**Your instructions**:
Using the listing below, please print exactly the lines from the one with "Pasangan ganda campuran" through the one with "Pams Bouquet Short". Leave out every picture.

[Provided entries Boundary: Start]

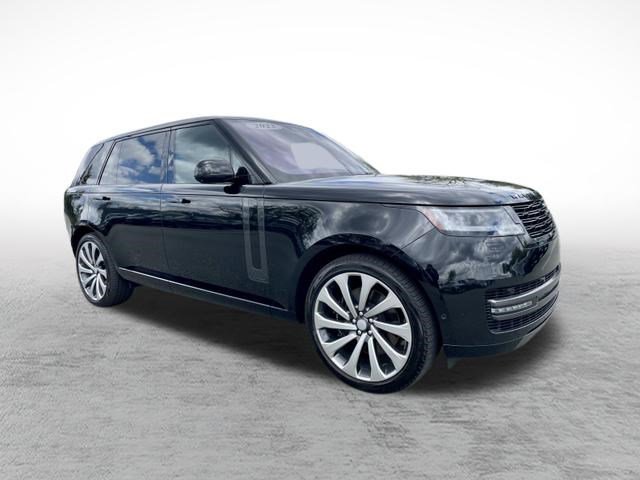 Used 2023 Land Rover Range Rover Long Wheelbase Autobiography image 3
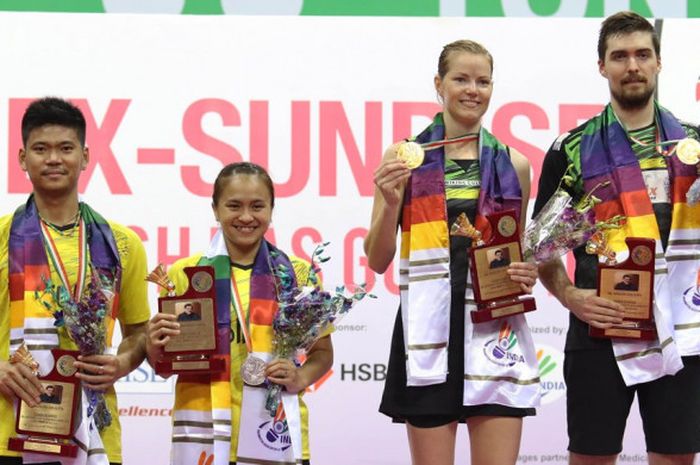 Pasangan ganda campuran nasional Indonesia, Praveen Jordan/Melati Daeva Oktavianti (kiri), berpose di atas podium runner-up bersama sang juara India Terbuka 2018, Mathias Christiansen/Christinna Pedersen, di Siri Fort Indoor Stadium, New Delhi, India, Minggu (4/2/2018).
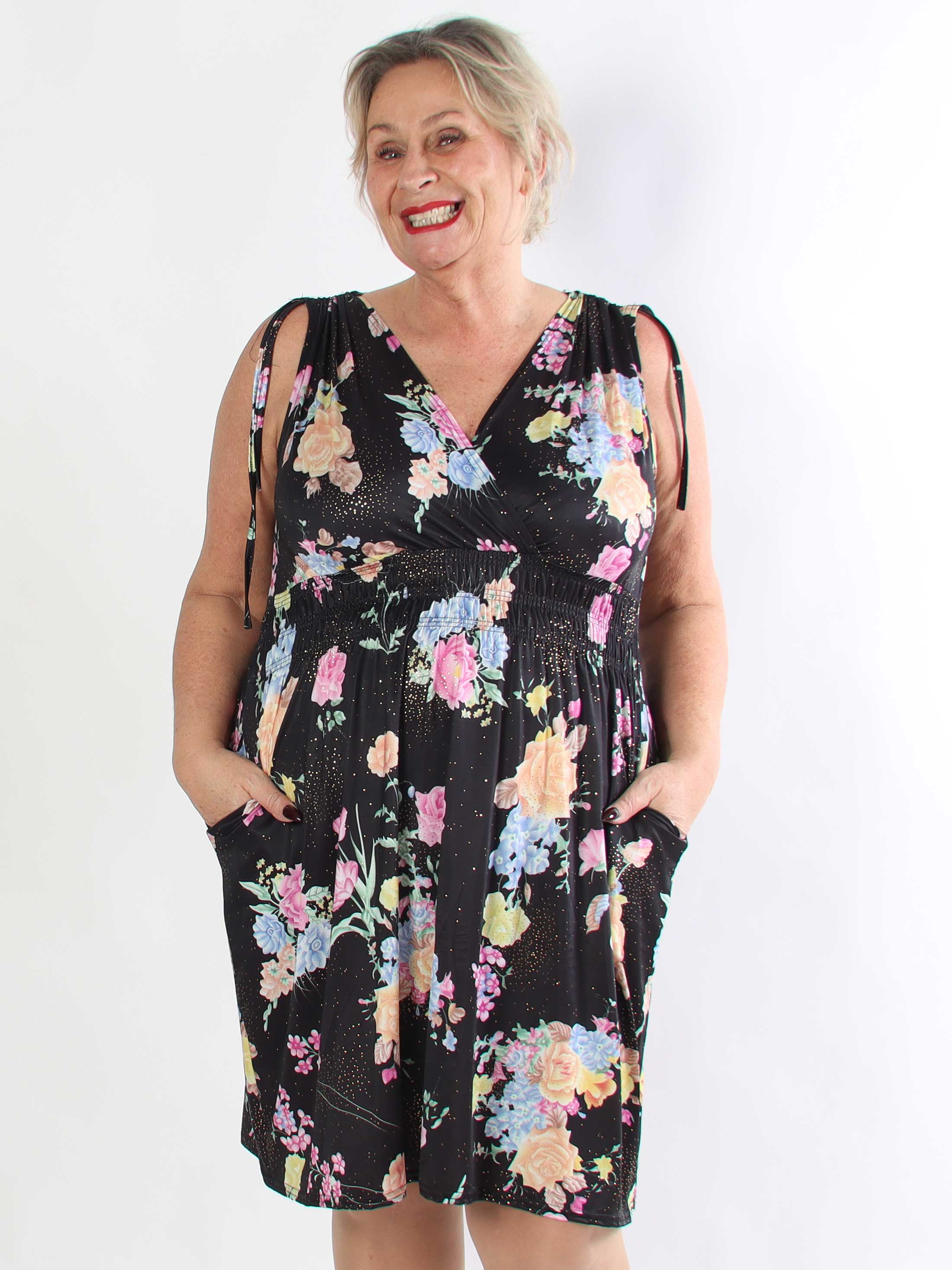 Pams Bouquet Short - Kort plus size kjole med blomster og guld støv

[Provided entries Boundary: End]
[Provided entries Boundary: Start]

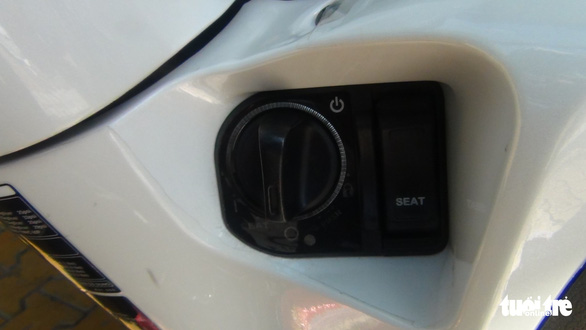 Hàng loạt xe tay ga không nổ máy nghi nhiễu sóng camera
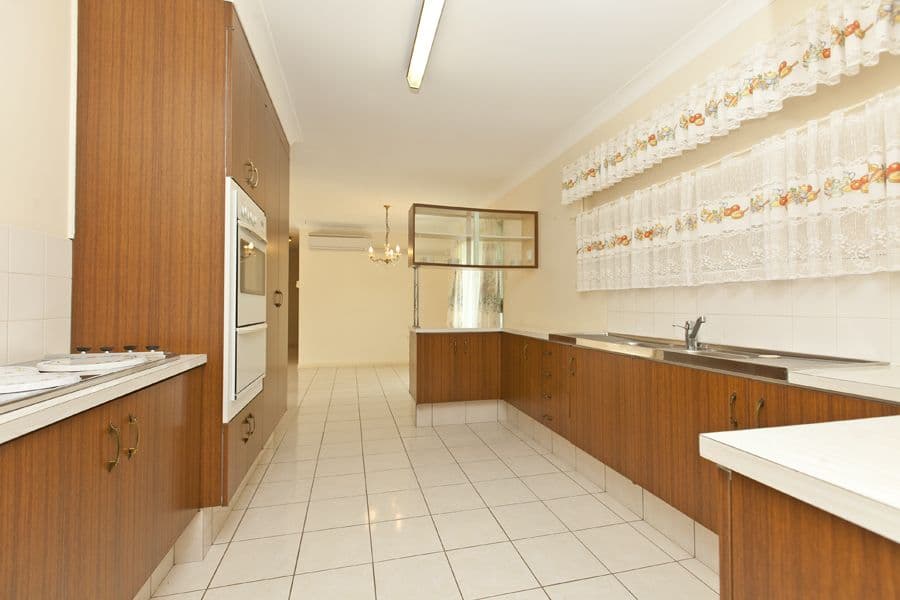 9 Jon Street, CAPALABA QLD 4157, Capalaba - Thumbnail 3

[Provided entries Boundary: End]

**Solved problem**:
 Pasangan ganda campuran nasional Indonesia, Praveen Jordan/Melati Daeva Oktavianti (kiri), berpose di atas podium runner-up bersama sang juara India Terbuka 2018, Mathias Christiansen/Christinna Pedersen, di Siri Fort Indoor Stadium, New Delhi, India, Minggu (4/2/2018).
 Pams Bouquet Short - Kort plus size kjole med blomster og guld støv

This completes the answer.